This page serves as a reference glossary for the most common concepts in the world of artificial intelligence and automation that you will apply within NappAI.

Vector Store

A Vector Store (or vector database) is a type of database designed to store “embeddings” (numerical representations of information). It is used in conjunction with retrieval components to create a knowledge base that your AI Agent can access to answer specific questions.

API

An API (Application Programming Interface) offers programmatic access to a service’s data and functionalities. APIs allow NappAI to interact with external systems in an automated way.

AI Chain

A “Chain” refers to the connection of multiple components in a logical sequence within a Flow. It enables multi-step operations where the output of one component becomes the input of the next. In NappAI, a Flow is essentially a chain (or a more complex graph) of components.

Grounding

In the context of RAG (Retrieval-Augmented Generation), “grounding” measures how accurately a model’s response is based on the information from the provided source documents. A well-”grounded” response is faithful to the source, while an ungrounded response may be a “hallucination.”

Completion

A “Completion” is simply the response generated by an AI model (like Gemini or GPT) after receiving an input (a “prompt”).

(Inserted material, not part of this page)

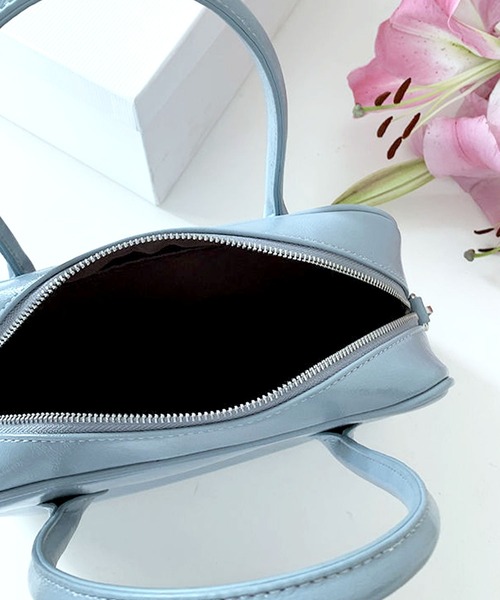 florist（フローリスト）の「【2WAY/3WAY】スクエアシルエットのシンプルレザーハンドバッグ/ショルダーバッグ（ボストンバッグ・レディース・ライトブルー/ホワイト/ブラック・FREE）」の16枚目の写真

Retrieval-Augmented Generation (RAG)

RAG is a technique that gives LLMs access to external and up-to-date information. A RAG system first “retrieves” relevant documents from a knowledge base (like a Vector Store) and then uses that information to “generate” an accurate and contextualized response. NappAI provides the necessary components to build powerful RAG flows.

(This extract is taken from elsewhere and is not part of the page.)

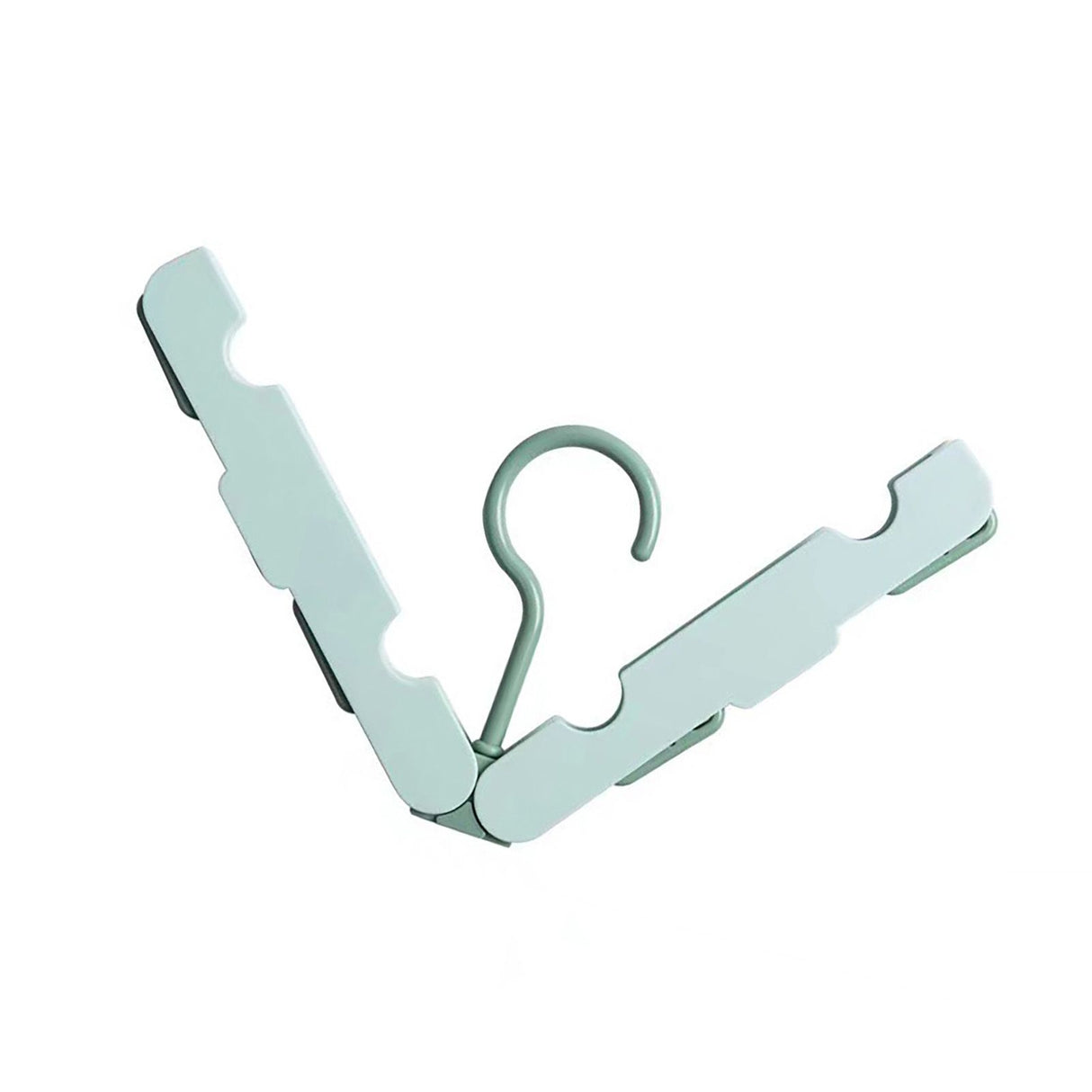 Clothes Hanger Rack Anti Slip Multifunctional Foldable Travel Hanger with Clips for Home Dorm Light Green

[Image of Retrieval-Augmented Generation (RAG) pipeline architecture]

Hallucination

A “hallucination” occurs when an LLM generates information that is incorrect, fabricated, or not based on the provided input data.

AI Tool

Within an AI Agent, a “Tool” is a resource that the agent can decide to use to fulfill a task. A tool can be another component (like a calculator or a web search engine), an external API, or even another NappAI Flow.

Embedding

An “Embedding” is a numerical representation of data (text, images, etc.) in the form of a vector. AI uses these vectors to understand complex relationships and similarities between different pieces of information.

LangChain

LangChain is a very popular AI development framework that simplifies the creation of applications with Large Language Models. NappAI integrates many concepts and capabilities of LangChain to offer powerful and flexible components such as Agents.

Memory

Memory allows an AI Agent to remember the context of past interactions in a conversation. This is crucial for maintaining coherent dialogues without needing to resend the entire history with every new message. In NappAI, Agents are the components designed to use memory natively.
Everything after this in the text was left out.